Report all lines of the data below that hold the word "Used".

Record excerpts START

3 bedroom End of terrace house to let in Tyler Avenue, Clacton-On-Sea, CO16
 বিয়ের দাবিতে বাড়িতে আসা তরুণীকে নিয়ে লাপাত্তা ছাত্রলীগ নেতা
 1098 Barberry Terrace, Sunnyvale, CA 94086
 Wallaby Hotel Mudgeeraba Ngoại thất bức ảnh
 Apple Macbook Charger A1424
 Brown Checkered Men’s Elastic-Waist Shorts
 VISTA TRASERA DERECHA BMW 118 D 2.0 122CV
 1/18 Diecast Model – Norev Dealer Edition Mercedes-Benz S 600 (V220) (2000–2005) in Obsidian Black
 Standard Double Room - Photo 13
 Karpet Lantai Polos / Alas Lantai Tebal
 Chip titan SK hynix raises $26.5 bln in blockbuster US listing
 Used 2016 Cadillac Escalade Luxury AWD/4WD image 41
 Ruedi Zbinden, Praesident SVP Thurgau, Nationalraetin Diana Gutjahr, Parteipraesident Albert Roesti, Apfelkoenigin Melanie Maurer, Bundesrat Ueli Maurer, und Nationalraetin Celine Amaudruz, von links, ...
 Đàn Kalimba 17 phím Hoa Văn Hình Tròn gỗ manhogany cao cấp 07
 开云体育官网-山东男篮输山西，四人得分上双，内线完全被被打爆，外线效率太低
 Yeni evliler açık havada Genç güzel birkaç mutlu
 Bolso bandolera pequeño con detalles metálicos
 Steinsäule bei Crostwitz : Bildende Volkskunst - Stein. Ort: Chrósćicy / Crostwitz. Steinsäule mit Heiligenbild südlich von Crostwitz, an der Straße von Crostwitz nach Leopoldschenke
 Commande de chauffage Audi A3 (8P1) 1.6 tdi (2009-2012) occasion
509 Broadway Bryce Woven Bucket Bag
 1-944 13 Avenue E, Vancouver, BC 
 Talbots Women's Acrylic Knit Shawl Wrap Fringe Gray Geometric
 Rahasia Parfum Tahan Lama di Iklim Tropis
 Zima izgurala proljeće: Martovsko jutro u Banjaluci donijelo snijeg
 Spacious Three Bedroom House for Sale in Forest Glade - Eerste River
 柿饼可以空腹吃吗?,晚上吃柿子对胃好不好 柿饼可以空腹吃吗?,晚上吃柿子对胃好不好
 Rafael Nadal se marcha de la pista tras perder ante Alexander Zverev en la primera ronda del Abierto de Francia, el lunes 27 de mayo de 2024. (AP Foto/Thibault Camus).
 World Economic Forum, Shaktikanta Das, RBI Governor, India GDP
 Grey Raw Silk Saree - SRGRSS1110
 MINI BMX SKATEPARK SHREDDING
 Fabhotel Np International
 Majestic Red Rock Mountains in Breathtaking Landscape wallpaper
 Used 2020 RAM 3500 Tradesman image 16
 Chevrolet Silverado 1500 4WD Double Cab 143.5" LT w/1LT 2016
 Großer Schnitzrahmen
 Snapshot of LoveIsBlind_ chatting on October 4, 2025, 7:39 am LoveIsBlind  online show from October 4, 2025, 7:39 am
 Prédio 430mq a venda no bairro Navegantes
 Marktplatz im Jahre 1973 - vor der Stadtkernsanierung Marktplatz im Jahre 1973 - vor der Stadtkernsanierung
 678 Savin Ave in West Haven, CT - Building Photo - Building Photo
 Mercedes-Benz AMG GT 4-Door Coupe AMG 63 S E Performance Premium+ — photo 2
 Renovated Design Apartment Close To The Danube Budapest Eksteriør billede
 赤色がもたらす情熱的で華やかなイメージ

Record excerpts END

### Output of the task
 Used 2016 Cadillac Escalade Luxury AWD/4WD image 41
 Used 2020 RAM 3500 Tradesman image 16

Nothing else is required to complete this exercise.